● Your assignment: From the records below, find each line with the string "chatting" and copy it.

● Data records:
——————
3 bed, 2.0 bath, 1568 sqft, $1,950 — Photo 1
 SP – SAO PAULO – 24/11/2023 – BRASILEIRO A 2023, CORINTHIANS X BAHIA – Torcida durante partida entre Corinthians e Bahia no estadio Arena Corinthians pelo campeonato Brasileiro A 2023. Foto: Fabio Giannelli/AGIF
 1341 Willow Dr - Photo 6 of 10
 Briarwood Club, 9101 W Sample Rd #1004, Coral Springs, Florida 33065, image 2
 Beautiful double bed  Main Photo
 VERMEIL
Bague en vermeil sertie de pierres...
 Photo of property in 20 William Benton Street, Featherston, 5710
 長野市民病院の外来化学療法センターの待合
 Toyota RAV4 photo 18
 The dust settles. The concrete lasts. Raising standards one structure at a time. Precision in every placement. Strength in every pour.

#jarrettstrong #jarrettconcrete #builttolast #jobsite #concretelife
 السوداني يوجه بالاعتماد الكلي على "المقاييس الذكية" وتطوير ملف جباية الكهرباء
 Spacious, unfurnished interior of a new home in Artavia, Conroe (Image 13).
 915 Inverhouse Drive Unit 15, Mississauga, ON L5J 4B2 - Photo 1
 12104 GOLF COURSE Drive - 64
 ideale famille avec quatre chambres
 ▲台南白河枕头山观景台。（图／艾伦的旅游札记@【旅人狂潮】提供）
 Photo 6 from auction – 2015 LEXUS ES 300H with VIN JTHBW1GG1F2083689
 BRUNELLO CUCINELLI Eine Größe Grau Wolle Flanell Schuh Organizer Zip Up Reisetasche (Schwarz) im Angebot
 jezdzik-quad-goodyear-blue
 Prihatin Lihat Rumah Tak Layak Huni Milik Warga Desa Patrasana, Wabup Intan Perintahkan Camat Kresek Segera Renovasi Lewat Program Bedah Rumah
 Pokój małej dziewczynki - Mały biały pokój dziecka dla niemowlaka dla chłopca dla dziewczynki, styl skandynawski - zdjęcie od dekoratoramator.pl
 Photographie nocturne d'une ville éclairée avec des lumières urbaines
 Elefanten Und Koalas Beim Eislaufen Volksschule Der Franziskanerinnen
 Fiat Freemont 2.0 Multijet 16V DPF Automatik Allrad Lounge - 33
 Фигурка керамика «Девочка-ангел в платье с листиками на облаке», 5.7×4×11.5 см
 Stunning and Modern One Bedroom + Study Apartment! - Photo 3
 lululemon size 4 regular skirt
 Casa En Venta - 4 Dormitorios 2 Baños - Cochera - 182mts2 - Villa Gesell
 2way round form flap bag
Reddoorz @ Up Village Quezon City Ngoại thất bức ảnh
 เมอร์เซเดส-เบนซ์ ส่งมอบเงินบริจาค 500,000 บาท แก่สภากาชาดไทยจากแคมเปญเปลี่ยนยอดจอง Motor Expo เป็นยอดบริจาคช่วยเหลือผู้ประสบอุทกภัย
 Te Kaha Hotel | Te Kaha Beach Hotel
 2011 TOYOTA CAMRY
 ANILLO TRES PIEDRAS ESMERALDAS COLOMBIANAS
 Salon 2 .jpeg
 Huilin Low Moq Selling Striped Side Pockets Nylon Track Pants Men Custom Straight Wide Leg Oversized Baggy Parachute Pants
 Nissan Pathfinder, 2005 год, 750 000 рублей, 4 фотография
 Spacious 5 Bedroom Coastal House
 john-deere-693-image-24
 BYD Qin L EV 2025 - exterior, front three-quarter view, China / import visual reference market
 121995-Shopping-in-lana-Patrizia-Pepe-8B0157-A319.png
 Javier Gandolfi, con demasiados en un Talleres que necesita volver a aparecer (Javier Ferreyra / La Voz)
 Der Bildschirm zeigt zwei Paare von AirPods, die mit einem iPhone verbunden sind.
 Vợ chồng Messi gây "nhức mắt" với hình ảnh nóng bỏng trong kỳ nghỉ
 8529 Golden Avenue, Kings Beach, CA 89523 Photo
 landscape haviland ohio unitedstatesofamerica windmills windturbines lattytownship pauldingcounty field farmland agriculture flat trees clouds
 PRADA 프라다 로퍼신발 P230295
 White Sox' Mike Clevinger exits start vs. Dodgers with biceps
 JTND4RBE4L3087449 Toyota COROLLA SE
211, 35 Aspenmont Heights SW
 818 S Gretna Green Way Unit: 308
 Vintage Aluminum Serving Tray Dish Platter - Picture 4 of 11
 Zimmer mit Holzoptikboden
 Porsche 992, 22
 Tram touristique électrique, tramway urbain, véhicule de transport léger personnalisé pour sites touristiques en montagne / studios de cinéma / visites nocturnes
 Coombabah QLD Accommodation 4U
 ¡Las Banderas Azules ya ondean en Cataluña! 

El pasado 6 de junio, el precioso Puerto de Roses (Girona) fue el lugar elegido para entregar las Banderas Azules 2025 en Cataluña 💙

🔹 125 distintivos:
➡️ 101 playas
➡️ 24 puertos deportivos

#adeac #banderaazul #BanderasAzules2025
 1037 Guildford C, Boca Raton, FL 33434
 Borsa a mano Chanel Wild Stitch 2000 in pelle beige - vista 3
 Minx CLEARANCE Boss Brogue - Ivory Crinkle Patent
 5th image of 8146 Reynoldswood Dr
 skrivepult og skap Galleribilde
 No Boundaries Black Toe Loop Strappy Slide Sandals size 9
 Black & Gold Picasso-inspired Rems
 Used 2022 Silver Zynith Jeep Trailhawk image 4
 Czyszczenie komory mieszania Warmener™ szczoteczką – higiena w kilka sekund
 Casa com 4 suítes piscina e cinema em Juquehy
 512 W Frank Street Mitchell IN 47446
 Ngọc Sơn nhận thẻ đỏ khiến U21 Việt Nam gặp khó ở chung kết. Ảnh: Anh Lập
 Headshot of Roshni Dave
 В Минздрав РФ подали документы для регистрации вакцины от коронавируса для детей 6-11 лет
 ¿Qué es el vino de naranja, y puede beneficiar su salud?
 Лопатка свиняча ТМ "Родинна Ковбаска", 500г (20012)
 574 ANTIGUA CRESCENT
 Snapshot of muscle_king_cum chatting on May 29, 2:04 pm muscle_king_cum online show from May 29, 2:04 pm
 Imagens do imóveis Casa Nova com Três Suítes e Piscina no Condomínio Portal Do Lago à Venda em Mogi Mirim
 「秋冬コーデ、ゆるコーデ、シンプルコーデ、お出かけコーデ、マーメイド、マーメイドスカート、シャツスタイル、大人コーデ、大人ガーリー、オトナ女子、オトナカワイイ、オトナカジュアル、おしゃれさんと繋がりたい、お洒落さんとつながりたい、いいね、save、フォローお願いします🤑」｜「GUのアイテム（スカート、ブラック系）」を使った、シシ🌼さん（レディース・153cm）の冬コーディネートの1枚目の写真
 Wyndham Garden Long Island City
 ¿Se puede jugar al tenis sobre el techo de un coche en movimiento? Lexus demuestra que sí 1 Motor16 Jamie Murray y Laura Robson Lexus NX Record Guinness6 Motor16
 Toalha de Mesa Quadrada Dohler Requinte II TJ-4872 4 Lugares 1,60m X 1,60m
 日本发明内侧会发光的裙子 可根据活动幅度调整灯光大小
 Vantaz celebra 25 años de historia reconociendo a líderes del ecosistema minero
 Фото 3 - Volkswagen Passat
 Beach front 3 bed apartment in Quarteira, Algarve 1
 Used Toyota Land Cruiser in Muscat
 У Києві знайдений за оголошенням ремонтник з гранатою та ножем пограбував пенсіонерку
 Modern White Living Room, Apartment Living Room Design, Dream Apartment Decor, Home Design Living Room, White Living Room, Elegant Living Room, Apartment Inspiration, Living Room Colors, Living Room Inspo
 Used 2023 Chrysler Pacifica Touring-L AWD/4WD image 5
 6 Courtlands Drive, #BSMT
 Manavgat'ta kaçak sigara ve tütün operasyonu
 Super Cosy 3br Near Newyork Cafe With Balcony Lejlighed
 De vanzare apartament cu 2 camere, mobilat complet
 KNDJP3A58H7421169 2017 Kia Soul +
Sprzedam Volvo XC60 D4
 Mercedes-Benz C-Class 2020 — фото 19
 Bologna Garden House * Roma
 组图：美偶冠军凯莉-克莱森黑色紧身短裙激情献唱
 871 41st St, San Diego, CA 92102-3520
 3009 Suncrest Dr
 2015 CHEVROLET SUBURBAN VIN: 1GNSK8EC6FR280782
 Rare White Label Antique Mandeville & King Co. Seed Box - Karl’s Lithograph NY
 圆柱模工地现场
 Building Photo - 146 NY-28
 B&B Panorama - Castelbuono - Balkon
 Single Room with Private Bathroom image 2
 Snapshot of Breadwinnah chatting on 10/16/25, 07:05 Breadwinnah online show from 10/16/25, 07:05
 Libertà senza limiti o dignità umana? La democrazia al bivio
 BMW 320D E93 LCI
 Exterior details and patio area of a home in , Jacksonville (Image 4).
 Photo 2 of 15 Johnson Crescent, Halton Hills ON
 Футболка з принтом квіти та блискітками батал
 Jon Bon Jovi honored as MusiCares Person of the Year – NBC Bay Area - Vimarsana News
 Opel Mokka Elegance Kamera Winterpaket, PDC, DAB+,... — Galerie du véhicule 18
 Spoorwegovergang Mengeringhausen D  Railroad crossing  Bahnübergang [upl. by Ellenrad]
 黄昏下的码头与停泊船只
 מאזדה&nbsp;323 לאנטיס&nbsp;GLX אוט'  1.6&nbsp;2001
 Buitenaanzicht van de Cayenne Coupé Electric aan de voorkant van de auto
——————
● Response box:
 Snapshot of muscle_king_cum chatting on May 29, 2:04 pm muscle_king_cum online show from May 29, 2:04 pm
 Snapshot of Breadwinnah chatting on 10/16/25, 07:05 Breadwinnah online show from 10/16/25, 07:05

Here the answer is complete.